▶ [Task objective]:
Copy out exactly, from the entries that follow, the line holding "Thumbnail: 2023 Volvo XC90 - 11", the line holding "Jodi Miller_Tabac Restaurant", and all lines between them, but no pictures.

▶ [Data excerpts]:
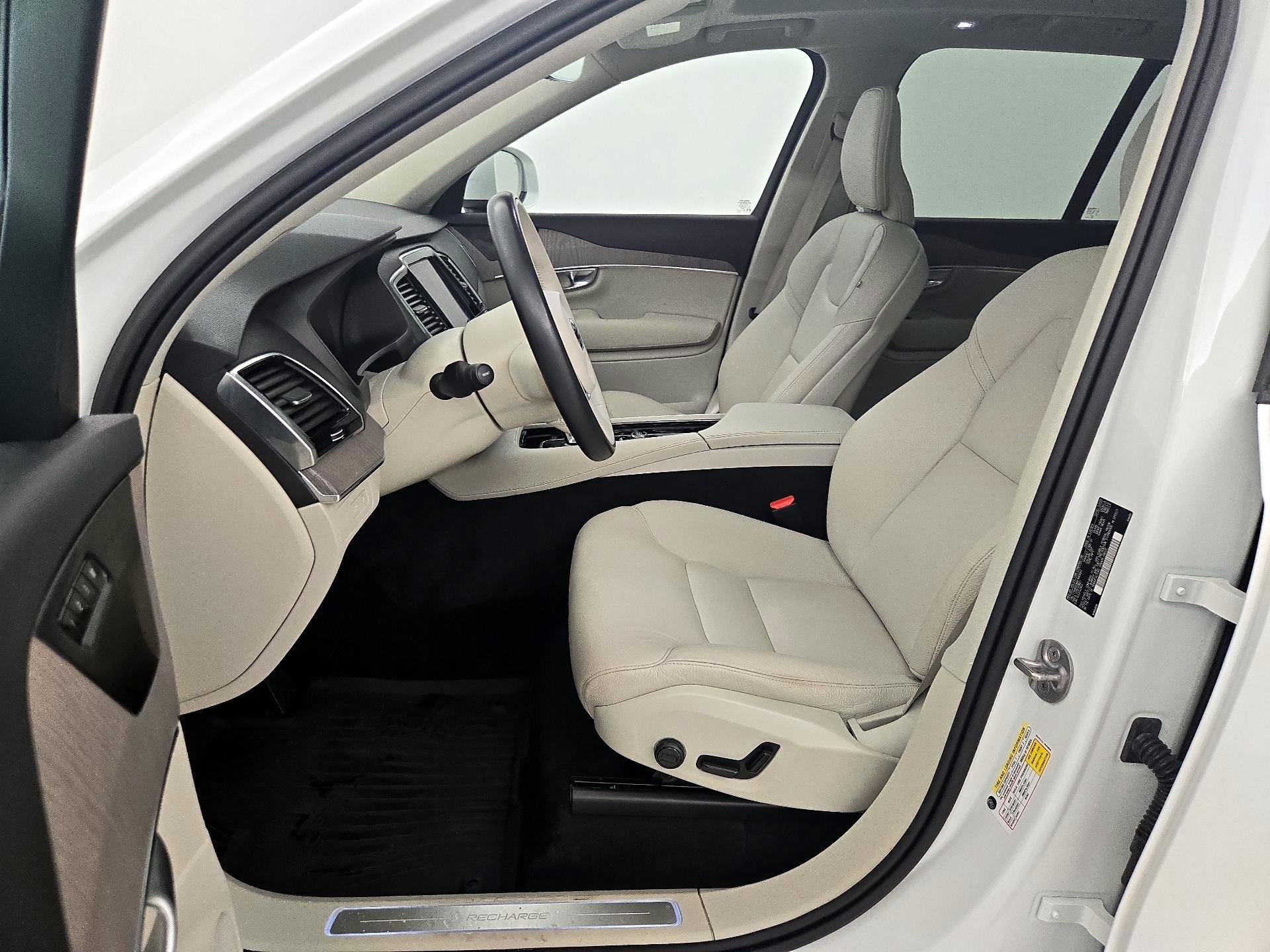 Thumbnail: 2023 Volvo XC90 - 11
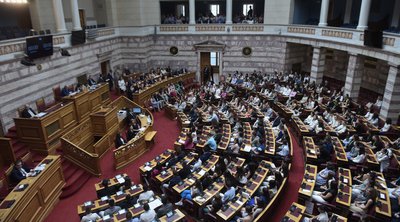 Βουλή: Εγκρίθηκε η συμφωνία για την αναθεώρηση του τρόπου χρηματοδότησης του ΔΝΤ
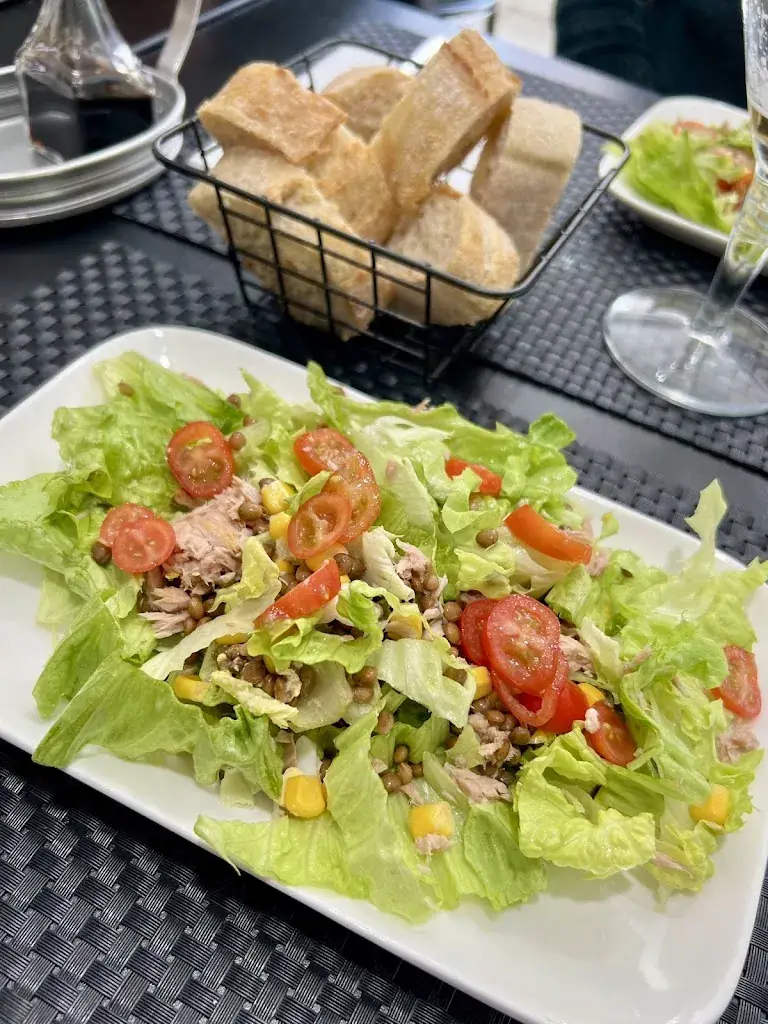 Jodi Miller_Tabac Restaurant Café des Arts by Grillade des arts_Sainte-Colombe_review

==

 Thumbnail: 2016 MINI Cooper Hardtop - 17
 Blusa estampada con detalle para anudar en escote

▶ [Task result]:
 Thumbnail: 2023 Volvo XC90 - 11
 Βουλή: Εγκρίθηκε η συμφωνία για την αναθεώρηση του τρόπου χρηματοδότησης του ΔΝΤ
 Jodi Miller_Tabac Restaurant Café des Arts by Grillade des arts_Sainte-Colombe_review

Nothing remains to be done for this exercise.